In de boekingsbevestiging ligt de reservering van een driepersoonskamer vast en niet van een twee/driepersoonskamer. De reisorganisator heeft geen informatie of waarschuwing uit zijn brochure overgelegd waaruit klager had kunnen of redelijkerwijs had moeten begrijpen dat er kans was op toewijzing van een tweepersoonskamer met bijgeplaatste stretcher voor de meereizende zestienjarige zoon. Verder wordt er gezien de overgelegde correspondentie van de kant van het betrokken boekingskantoor en rekening houdende met de geboekte categorie van vijf sterren, niet aan getwijfeld dat tevoren desgevraagd door klager drie normale bedden zijn toegezegd. Binnen het kader van de reisvoorwaarden en de boekingvoorwaarden van de ANVR, heeft de reisorganisator een toezegging van het boekingskantoor bij een pakketreis voor zijn rekening te nemen.

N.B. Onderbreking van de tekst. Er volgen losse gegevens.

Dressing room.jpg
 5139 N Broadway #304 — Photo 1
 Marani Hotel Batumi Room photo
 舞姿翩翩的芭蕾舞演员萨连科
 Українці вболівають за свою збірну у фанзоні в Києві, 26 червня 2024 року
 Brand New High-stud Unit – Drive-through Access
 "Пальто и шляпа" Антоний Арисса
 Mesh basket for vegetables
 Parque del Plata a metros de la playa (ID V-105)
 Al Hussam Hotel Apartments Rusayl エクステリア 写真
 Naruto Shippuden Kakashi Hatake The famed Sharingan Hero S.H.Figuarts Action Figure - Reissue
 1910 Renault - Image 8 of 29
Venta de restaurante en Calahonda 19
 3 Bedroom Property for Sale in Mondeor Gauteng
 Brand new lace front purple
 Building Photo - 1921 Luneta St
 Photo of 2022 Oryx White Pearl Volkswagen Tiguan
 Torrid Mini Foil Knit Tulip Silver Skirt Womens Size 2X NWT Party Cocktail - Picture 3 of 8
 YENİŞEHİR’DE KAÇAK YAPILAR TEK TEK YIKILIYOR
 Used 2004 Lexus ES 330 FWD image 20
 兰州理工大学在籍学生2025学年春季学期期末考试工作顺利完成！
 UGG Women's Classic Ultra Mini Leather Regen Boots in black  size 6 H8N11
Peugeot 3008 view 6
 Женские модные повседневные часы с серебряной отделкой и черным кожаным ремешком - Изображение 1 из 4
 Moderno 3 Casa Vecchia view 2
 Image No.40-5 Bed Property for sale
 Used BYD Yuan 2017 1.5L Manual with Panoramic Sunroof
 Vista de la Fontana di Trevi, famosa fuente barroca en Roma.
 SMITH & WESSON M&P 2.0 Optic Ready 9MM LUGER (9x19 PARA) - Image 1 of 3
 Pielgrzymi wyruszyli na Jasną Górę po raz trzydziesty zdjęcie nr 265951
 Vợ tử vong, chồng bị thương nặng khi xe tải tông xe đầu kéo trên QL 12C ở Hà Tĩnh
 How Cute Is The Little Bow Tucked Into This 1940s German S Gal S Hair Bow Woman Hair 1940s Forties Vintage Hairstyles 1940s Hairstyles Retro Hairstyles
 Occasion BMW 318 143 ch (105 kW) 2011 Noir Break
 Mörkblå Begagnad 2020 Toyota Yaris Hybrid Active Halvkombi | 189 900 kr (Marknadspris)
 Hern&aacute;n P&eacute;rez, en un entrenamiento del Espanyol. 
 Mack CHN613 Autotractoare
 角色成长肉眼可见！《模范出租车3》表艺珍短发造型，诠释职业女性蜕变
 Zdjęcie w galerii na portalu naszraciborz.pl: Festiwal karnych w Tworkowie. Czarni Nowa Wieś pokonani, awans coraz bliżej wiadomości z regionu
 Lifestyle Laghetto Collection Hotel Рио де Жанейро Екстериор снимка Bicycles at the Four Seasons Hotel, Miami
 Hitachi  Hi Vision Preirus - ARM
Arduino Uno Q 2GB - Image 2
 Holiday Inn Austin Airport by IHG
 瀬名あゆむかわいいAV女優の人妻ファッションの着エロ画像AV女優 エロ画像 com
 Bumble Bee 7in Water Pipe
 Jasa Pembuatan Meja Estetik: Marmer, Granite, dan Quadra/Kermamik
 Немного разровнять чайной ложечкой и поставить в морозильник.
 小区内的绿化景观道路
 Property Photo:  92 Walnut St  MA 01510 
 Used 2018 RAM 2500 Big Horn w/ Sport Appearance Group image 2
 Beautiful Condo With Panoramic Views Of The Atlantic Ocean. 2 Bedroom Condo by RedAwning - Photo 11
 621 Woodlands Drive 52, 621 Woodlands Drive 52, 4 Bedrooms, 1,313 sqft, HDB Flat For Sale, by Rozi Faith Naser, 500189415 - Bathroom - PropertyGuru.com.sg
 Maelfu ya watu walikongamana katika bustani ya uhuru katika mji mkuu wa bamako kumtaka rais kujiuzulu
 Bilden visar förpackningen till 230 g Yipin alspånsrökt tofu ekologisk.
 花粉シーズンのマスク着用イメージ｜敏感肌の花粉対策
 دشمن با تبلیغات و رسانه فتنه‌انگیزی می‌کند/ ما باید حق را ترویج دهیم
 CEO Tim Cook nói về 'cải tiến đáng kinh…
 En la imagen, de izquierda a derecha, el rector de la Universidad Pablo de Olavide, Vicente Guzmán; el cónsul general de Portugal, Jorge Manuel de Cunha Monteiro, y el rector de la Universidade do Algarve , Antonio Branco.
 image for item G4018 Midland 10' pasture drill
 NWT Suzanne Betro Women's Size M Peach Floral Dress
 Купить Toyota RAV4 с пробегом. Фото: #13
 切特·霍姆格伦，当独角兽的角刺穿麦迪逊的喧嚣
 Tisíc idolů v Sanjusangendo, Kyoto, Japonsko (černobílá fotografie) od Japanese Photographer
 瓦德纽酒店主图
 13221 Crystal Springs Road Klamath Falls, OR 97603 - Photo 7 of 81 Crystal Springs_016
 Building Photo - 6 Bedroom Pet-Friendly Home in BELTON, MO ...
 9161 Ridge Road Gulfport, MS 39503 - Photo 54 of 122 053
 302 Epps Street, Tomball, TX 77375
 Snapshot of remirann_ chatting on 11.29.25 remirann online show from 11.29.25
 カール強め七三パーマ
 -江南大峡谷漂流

Uit de overgelegde reactie van de plaatselijke vertegenwoordiging van de reisorganisator op de klachtmelding volgt dat het hotel eerst vanaf 15 augustus 2004 de door de reisorganisator in het vooruitzicht gestelde animatie bood, derhalve toen klagers vakantie reeds was beëindigd.
De hierin het voorgaande vermelde omstandigheden rechtvaardigen naar het oordeel van de commissie zonder meer een financiële genoegdoening. De schade die klager heeft ondervonden als gevolg van diefstal wordt echter buiten beschouwing gelaten, daar de reisorganisator niet verantwoordelijk kan worden gesteld voor crimineel gedrag van derden. De afwikkeling van die schade door de verzekeringsmaatschappij betreft verder de verhouding klager/verzekeringsmaatschappij en niet de verhouding klager/reisorganisator.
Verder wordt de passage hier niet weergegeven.